Very jealous that you got tickets for Spamalot.
I have only two things to report on the current status of Spam in the U.S., plus one story.
1. It's a very popular food pantry item. There are lots of single men, in particular, who would much prefer a can of spam to a can, or even two or three, of tuna.
2. It's very much a part of Hawaiian cuisine. Spam sushi, spam in bento boxes, spam sandwiches on hamburger buns.

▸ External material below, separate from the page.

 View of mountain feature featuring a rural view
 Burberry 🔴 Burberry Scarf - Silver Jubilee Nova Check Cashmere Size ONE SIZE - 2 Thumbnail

And the story of a lavish feast on Christmas Island, courtesy of Thurston Clarke's
Equator: A Journey
A lobster clutching Tootsie Rolls in its claws lay among bread slices smeared with green frosting from a can. Packaged chocolate-chip cookies circled a chicken like tombsones; another bird was stuffed with hard candies and surrounded by cocktail franks, arranged into blossoms. Slabs of corned beef covered sea biscuits on a bed of cold canned peas and canned peach halves cradled meatballs. A fried fish swam though chocolate-wafer waves; another vomited canned ravioli. It was all the food I had loved as a boy and, as an adult, been taught to fear. Some of it was a mystery. "What is that" I asked Korae
He was shocked. "But it's your food!" he said. It was Spam, under a glaze of strawberry frosting.